__Web page caption snippets__.
********
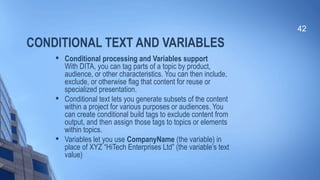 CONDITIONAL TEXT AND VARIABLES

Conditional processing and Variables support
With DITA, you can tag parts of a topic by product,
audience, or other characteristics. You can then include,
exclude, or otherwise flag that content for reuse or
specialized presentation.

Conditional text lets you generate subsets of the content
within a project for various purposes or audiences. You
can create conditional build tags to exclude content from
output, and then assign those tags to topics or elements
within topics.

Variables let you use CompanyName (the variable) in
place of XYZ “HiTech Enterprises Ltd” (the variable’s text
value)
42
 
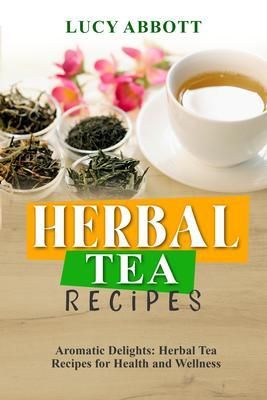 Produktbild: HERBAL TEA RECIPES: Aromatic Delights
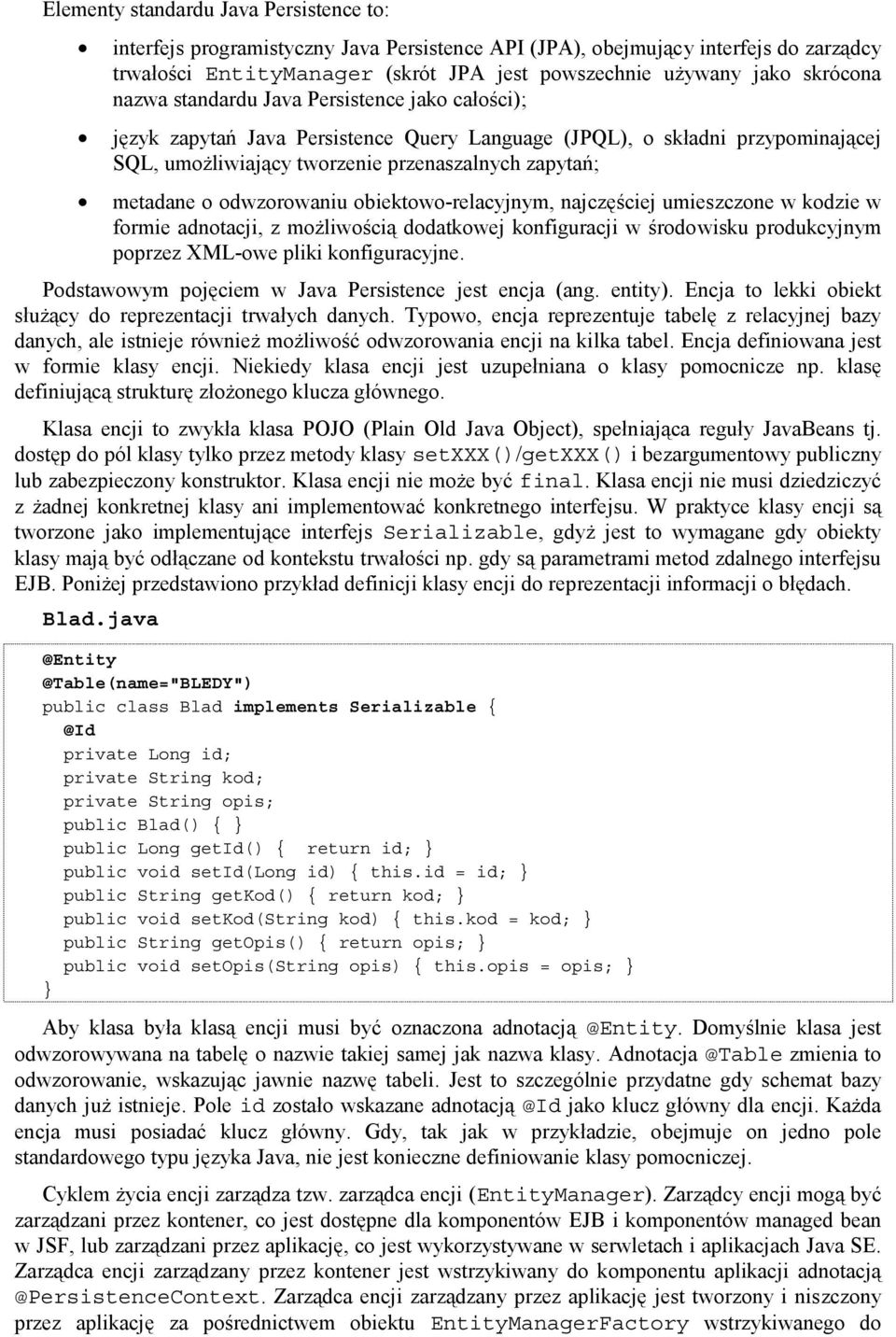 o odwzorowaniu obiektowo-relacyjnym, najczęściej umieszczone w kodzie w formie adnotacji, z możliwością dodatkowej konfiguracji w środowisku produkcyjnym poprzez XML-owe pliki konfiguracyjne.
********
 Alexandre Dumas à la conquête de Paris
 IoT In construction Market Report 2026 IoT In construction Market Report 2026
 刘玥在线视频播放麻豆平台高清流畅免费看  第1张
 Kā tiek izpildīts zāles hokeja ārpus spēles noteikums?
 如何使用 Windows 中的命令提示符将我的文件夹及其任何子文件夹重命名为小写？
********
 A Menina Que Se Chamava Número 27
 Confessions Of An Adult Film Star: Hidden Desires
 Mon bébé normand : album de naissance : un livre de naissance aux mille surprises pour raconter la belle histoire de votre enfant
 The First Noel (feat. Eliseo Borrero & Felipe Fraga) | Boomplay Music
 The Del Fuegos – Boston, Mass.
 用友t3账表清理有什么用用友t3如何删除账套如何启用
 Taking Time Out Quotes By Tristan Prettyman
********
__Requirement__. Starting at the line above that contains "Confessions Of An", write out each line exactly until the line that contains "Taking Time Out Quotes By Tristan Prettyman" has been written, and stop there.

__Response__.
 Confessions Of An Adult Film Star: Hidden Desires
 Mon bébé normand : album de naissance : un livre de naissance aux mille surprises pour raconter la belle histoire de votre enfant
 The First Noel (feat. Eliseo Borrero & Felipe Fraga) | Boomplay Music
 The Del Fuegos – Boston, Mass.
 用友t3账表清理有什么用用友t3如何删除账套如何启用
 Taking Time Out Quotes By Tristan Prettyman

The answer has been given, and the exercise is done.